Yeah, we'd closed both those issues with the closures, seems different from that
https://github.com/FluxML/Zygote.jl/pull/510 needs to get rebased then. Whoever can force push could you please?
I was getting tracked array type mismatch error with the mwe here, is there some setup to see a clearer error? This is with masters of all the relevant packages
I'm tagging everything, it's just Zygote that needs a special branch. There shouldn't be tracked arrays except with ReverseDiff?
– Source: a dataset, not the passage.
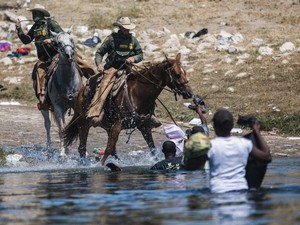 Bikin Geger, AS Setop Pakai Kuda untuk Halau Migran Haiti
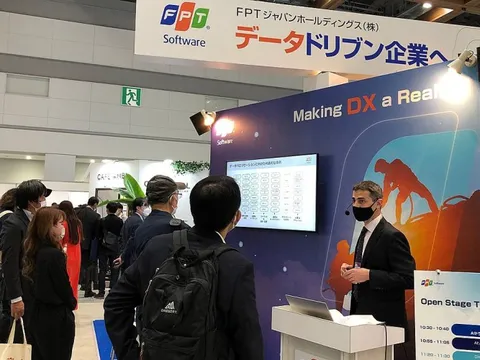 Thị trường nước ngoài mang về cho FPT trên 40% tổng doanh thu trong 10 tháng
https://github.com/JuliaDiffEq/NeuralNetDiffEq.jl/pull/70 shows that naive training of a big network still doesn't work that well, though it's getting closer:
using OrdinaryDiffEq, DiffEqFlux, NeuralNetDiffEq, Plots, Optim, Flux
function f(du,u,p,t)
du[1] = p[1]*u[1] - p[2]*u[1]*u[2]
du[2] = -p[3]*u[2] + p[4]*u[1]*u[2]
end
function f(u,p,t)
[p[1]*u[1] - p[2]*u[1]*u[2],-p[3]*u[2] + p[4]*u[1]*u[2]]
end
p = Float32[1.5,1.0,3.0,1.0]
u0 = Float32[1.0,1.0]
prob = ODEProblem(f,u0,(0f0,3f0),p)
prob_oop = ODEProblem{false}(f,u0,(0f0,3f0),p)
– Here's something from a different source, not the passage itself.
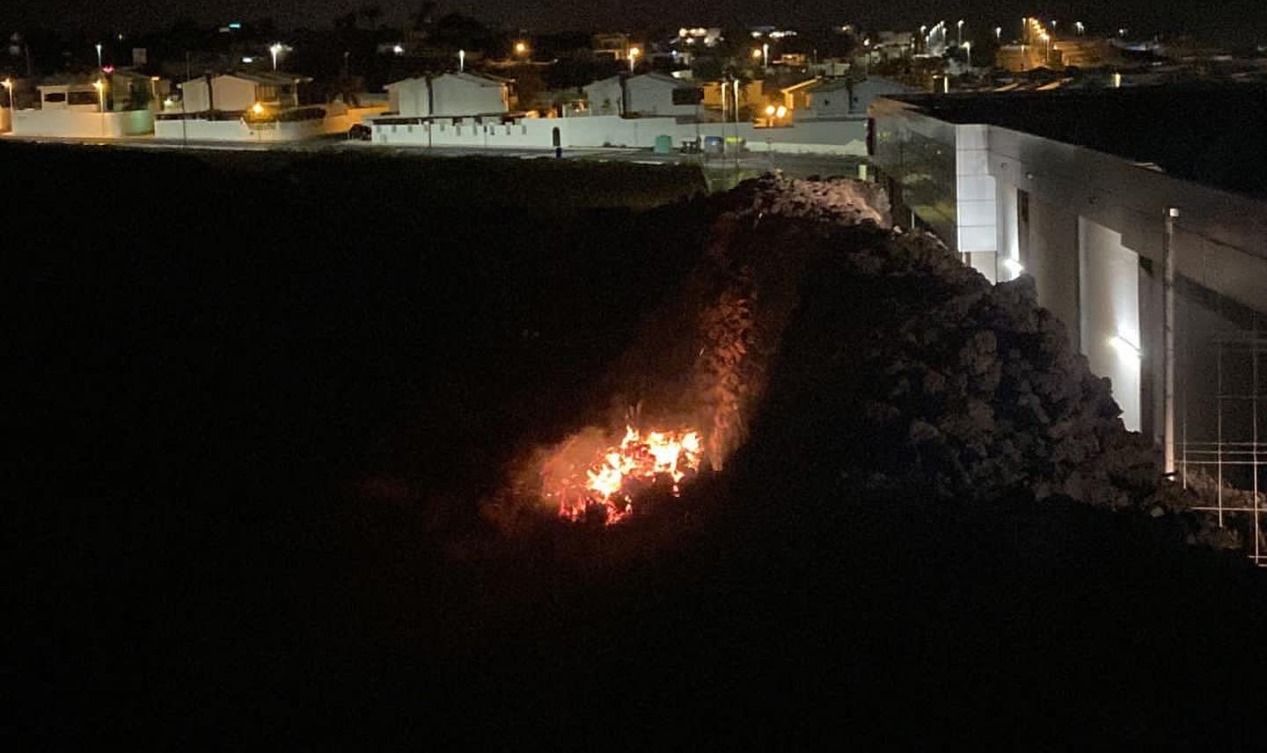 Incendio de palets en Puerto del Carmen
true_sol = solve(prob,Tsit5())
N = 128
chain = FastChain(FastDense(1,N,tanh), FastDense(N,N,tanh), FastDense(N,N,tanh), FastDense(N,length(u0)))
opt = ADAM(0.000001)
θ = DiffEqFlux.initial_params(chain)
sol = solve(prob_oop,NeuralNetDiffEq.NNODE(chain,opt,θ,autodiff=true),maxiters = 10000, verbose = true, dt=1/5f0)
plot(true_sol)
plot!(sol)
using CuArrays
function f(u,p,t)
cu([p[1]*u[1] - p[2]*u[1]*u[2],-p[3]*u[2] + p[4]*u[1]*u[2]])
end
p = cu(Float32[1.5,1.0,3.0,1.0])
u0 = cu(Float32[1.0,1.0])
N = 512
chain = FastChain(FastDense(1,N,tanh), FastDense(N,N,tanh), FastDense(N,N,tanh), FastDense(N,length(u0)))
θ = cu(DiffEqFlux.initial_params(chain))
prob_oop = ODEProblem{false}(f,u0,(0f0,3f0),p)
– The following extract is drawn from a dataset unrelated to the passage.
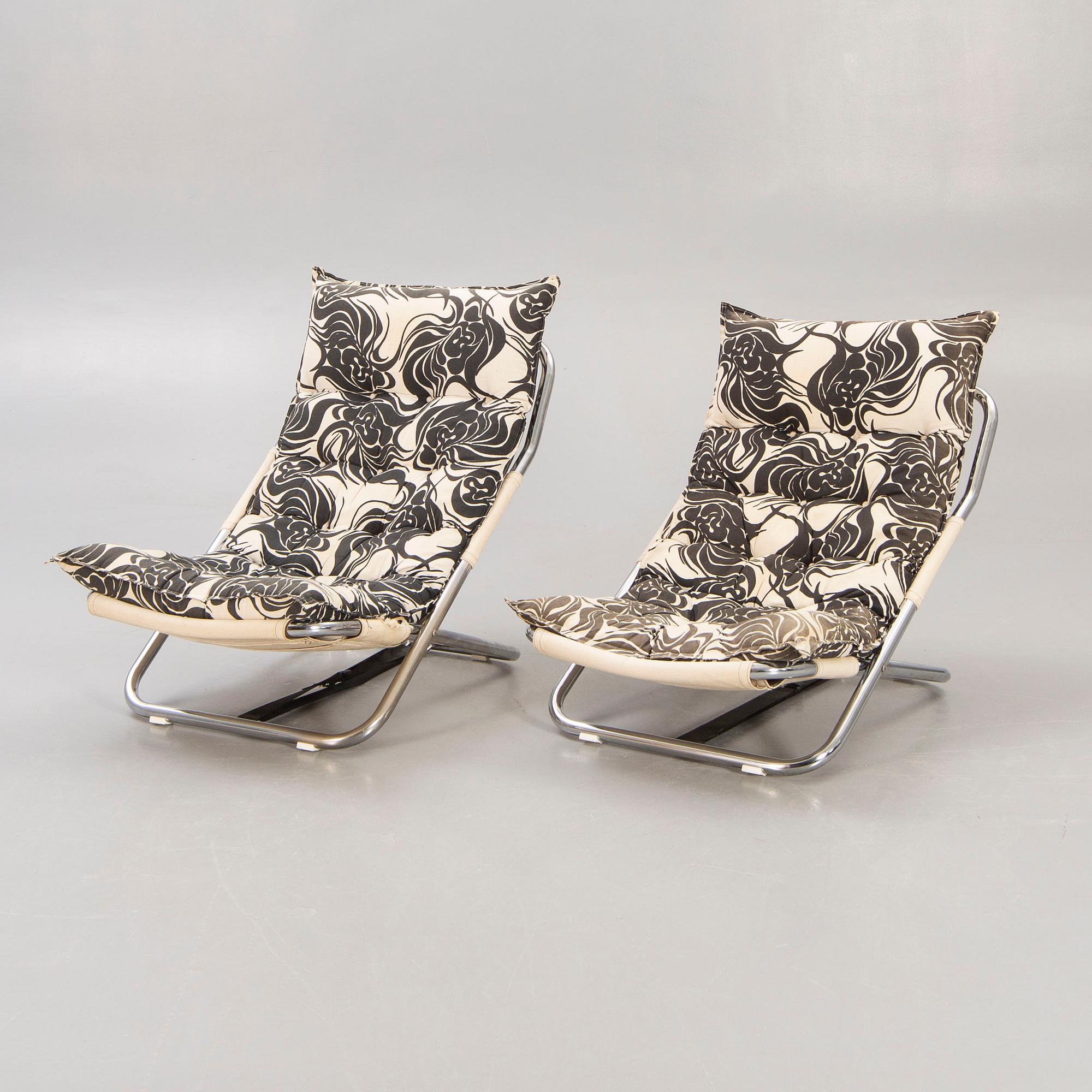 Armchairs, a pair, "Viggen", Värnamo Sängkläder AB, 1970s.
sol = solve(prob_oop,NeuralNetDiffEq.NNODE(chain,opt,θ,autodiff=false),maxiters = 10000, verbose = true, dt=1/5f0)
plot(true_sol)
plot!(sol)
I think that what is really required is an investigation of new training strategies. I'll open an issue about this
Still can't do this one. Lotka-Volterra is the hardest one 😅
using NeuralPDE, OrdinaryDiffEq, DiffEqFlux, Flux, OptimizationPolyalgorithms
function f(u, p, t)
[p[1] * u[1] - p[2] * u[1] * u[2], -p[3] * u[2] + p[4] * u[1] * u[2]]
end
p = [1.5, 1.0, 3.0, 1.0]
u0 = [1.0, 1.0]
prob_oop = ODEProblem{false}(f, u0, (0.0, 3.0), p)
true_sol = solve(prob_oop, Tsit5())
N = 1028
chain = FastChain(FastDense(1, N, softplus), FastDense(N, N, softplus), FastDense(N, N, softplus),
FastDense(N, N, softplus), FastDense(N, N, softplus), FastDense(N, N, softplus),
FastDense(N, N, softplus), FastDense(N, length(u0), softplus))
opt = ADAM(0.001)
θ = Float64.(DiffEqFlux.initial_params(chain))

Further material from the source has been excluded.